Standalone network compression

An effective network compression is essential to any strain design computation. Since it may also be of interest outside the context of strain design, this example may help you using the network compression routine independently. Likewise, StrainDesign also offers the integration of GPR rules into the metabolic networks as a separate function.

The network compression routine removes blocked reactions, removes conservation relations and then performs alternatingly lumps dependent (compress_model_efmtool) and parallel (compress_model_parallel) reactions. The compression returns a compressed network and a list of so-called “compression maps”. Each map consists of a dictionary that contains complete information for reversing the compression steps successively and expand information obtained from the compressed model to the full model. Each entry of each map contains the id of a compressed reaction, associated with the original reaction names and their factor (provided as a rational number) with which they were lumped.

Furthermore, the user can select reactions that should be exempt from the parallel compression.
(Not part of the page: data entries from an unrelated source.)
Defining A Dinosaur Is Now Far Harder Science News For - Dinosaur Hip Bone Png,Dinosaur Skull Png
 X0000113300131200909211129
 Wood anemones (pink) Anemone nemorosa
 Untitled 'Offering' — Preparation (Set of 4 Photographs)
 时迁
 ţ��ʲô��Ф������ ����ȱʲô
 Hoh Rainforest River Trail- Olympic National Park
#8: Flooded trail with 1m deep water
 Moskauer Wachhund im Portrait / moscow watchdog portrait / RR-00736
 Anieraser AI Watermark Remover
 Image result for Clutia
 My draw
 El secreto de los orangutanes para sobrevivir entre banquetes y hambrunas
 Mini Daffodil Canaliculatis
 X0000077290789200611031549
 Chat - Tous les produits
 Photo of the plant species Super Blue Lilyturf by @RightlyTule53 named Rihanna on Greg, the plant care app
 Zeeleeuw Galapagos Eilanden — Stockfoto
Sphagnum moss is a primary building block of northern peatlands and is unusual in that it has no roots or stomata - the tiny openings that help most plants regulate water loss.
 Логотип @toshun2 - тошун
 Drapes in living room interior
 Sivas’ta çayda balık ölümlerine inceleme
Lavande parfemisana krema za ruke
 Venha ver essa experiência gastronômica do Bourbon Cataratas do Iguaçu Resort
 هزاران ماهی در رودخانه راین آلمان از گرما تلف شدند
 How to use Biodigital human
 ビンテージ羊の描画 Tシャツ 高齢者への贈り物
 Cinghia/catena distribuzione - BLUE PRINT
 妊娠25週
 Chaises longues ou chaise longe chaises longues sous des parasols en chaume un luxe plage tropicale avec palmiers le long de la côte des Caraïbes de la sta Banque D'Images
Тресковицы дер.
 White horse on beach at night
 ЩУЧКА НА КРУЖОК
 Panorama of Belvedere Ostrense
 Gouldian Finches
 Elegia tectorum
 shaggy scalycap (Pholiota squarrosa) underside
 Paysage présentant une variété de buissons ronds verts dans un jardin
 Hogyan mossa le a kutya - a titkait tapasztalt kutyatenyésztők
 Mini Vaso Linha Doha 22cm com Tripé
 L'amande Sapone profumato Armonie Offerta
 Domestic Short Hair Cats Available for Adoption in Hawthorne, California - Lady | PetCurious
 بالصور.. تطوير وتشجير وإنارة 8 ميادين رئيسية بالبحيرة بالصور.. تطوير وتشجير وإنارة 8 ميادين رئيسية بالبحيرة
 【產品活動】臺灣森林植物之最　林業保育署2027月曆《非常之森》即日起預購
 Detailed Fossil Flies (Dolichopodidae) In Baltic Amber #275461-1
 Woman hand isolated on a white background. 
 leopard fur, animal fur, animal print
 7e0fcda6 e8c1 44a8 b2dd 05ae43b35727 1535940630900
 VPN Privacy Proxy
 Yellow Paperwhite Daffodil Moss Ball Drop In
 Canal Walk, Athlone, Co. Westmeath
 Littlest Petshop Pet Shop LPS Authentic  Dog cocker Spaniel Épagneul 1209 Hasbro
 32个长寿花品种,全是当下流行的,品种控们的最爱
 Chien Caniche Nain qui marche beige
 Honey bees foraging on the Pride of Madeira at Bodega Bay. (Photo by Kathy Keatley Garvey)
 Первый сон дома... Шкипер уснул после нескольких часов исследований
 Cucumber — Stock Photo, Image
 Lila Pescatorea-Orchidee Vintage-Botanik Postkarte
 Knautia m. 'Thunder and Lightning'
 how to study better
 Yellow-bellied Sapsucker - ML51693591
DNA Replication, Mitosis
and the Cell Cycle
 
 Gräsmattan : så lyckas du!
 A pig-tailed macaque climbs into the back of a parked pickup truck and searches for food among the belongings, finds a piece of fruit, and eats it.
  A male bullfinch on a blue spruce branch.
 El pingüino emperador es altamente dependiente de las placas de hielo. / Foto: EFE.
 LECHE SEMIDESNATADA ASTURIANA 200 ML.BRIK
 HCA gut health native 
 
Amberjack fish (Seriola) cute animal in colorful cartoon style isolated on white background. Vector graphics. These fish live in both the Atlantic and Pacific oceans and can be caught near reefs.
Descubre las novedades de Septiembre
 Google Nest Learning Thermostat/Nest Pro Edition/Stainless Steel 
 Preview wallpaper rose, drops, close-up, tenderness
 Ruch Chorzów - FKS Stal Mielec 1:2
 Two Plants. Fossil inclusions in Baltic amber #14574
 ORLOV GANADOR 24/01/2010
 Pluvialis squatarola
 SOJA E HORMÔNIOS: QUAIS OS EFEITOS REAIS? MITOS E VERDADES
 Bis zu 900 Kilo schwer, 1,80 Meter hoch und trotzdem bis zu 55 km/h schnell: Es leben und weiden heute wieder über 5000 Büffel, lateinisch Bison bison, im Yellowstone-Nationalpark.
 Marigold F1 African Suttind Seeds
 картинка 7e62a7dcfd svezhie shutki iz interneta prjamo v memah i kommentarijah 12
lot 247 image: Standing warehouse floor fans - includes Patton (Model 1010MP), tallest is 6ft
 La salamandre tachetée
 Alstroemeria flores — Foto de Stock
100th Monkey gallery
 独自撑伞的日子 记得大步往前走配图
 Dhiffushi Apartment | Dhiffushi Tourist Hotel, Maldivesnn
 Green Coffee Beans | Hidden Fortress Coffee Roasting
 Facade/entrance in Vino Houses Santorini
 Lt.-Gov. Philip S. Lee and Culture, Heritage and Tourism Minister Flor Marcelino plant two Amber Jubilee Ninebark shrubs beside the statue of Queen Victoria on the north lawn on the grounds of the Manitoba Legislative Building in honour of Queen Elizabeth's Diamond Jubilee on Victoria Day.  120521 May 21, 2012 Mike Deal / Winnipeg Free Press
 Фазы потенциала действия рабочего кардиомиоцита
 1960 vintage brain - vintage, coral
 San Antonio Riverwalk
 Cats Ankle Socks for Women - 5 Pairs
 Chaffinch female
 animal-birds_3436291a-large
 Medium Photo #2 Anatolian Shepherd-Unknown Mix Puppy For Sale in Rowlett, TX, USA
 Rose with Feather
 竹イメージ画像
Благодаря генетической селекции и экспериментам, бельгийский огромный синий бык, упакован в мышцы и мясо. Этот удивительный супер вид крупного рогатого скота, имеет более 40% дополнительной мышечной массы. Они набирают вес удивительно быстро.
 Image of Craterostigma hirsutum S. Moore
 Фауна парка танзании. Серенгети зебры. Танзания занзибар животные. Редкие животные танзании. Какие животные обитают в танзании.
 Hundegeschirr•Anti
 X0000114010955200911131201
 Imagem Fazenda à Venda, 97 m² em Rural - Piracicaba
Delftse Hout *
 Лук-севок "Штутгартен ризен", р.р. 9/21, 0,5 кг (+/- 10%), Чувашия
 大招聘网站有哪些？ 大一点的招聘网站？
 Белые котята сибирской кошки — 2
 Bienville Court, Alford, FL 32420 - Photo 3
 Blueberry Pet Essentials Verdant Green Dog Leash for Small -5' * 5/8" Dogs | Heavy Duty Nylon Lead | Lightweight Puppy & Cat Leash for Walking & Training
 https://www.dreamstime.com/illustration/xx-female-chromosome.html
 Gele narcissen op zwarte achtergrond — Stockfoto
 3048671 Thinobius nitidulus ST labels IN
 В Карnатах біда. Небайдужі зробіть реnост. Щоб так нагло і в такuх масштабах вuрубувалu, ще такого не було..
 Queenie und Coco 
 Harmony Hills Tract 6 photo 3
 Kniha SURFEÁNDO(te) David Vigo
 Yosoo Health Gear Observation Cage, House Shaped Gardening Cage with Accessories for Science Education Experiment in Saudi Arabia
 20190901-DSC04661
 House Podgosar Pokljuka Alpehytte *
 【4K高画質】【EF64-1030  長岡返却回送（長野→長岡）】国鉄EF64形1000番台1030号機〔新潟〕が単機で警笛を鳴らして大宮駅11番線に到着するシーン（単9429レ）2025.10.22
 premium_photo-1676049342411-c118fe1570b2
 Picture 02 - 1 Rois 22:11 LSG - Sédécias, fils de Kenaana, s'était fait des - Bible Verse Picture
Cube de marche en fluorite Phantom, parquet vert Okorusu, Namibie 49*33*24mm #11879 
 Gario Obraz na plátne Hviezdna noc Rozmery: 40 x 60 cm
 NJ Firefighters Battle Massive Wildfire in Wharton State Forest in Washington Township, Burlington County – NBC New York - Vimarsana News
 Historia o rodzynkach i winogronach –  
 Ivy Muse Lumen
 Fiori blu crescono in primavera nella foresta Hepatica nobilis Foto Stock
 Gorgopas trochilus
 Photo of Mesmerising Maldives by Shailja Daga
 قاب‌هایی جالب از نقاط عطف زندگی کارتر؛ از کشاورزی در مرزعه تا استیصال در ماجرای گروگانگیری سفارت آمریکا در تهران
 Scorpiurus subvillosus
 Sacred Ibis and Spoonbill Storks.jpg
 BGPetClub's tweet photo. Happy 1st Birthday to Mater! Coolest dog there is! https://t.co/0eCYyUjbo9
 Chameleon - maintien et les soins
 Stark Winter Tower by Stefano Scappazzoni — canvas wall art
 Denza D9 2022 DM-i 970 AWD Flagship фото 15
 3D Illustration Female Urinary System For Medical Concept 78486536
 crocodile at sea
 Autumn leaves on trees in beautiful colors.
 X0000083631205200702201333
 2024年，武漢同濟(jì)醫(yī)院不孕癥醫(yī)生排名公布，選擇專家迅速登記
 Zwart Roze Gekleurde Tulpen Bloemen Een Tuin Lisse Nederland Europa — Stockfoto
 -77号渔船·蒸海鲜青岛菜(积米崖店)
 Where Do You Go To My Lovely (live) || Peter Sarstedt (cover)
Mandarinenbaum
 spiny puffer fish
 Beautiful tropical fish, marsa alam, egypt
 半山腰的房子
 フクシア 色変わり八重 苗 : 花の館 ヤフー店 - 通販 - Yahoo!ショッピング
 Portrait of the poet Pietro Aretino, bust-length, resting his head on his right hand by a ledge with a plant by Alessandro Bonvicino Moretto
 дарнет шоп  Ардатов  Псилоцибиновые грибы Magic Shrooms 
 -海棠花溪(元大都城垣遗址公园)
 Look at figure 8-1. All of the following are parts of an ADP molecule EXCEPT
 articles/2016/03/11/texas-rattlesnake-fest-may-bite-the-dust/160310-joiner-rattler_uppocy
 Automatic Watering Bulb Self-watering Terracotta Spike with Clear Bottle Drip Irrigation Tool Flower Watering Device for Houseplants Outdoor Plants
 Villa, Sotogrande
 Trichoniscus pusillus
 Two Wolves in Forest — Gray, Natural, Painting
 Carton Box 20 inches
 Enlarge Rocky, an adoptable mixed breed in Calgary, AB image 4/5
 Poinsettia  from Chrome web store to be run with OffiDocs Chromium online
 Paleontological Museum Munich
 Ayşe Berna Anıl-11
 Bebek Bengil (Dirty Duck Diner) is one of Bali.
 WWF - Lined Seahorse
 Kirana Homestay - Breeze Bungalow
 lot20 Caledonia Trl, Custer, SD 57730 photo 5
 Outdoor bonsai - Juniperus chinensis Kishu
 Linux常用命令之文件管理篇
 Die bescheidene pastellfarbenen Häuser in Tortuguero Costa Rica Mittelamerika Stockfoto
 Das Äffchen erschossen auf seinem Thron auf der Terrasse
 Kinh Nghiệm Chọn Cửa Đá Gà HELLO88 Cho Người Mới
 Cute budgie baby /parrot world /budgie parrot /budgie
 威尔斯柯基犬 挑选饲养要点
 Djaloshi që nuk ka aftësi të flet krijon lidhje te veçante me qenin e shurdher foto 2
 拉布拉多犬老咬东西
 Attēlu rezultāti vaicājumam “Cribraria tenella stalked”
In the following, we provide the code snippet that can be used to call the compression.

[1]:
from straindesign import compress_model, remove_dummy_bounds
import cobra
import logging
logging.basicConfig(level=logging.INFO)

# load model
iml1515 = cobra.io.load_model('iML1515')
# replace dummy bounds with infinite
logging.info(f"Replacing dummy bounds of +/- 1000 with infinite.")
remove_dummy_bounds(iml1515)
logging.info(f"The original model contains {len(iml1515.reactions)} reactions.")
cmp_map = compress_model(iml1515)
Set parameter Username
INFO:gurobipy.gurobipy:Set parameter Username
Academic license - for non-commercial use only - expires 2023-07-20
INFO:gurobipy.gurobipy:Academic license - for non-commercial use only - expires 2023-07-20
INFO:root:Replacing dummy bounds of +/- 1000 with infinite.
WARNING:root:  Removing reaction bounds when larger than the cobra-threshold of 1000.
INFO:root:The original model contains 2712 reactions.
INFO:root:  Removing blocked reactions.
INFO:root:  Translating stoichiometric coefficients to rationals.
INFO:root:  Removing conservation relations.
INFO:root:  Compression 1: Applying compression from EFM-tool module.
INFO:root:  Reduced to 1244 reactions.
INFO:root:  Compression 2: Lumping parallel reactions.
INFO:root:  Reduced to 1225 reactions.
INFO:root:  Compression 3: Applying compression from EFM-tool module.
INFO:root:  Reduced to 1216 reactions.
INFO:root:  Compression 4: Lumping parallel reactions.
INFO:root:  Reduced to 1213 reactions.
INFO:root:  Compression 5: Applying compression from EFM-tool module.
INFO:root:  Last step could not reduce size further (1213 reactions).
INFO:root:  Network compression completed. (4 compression iterations)
INFO:root:  Translating stoichiometric coefficients back to float.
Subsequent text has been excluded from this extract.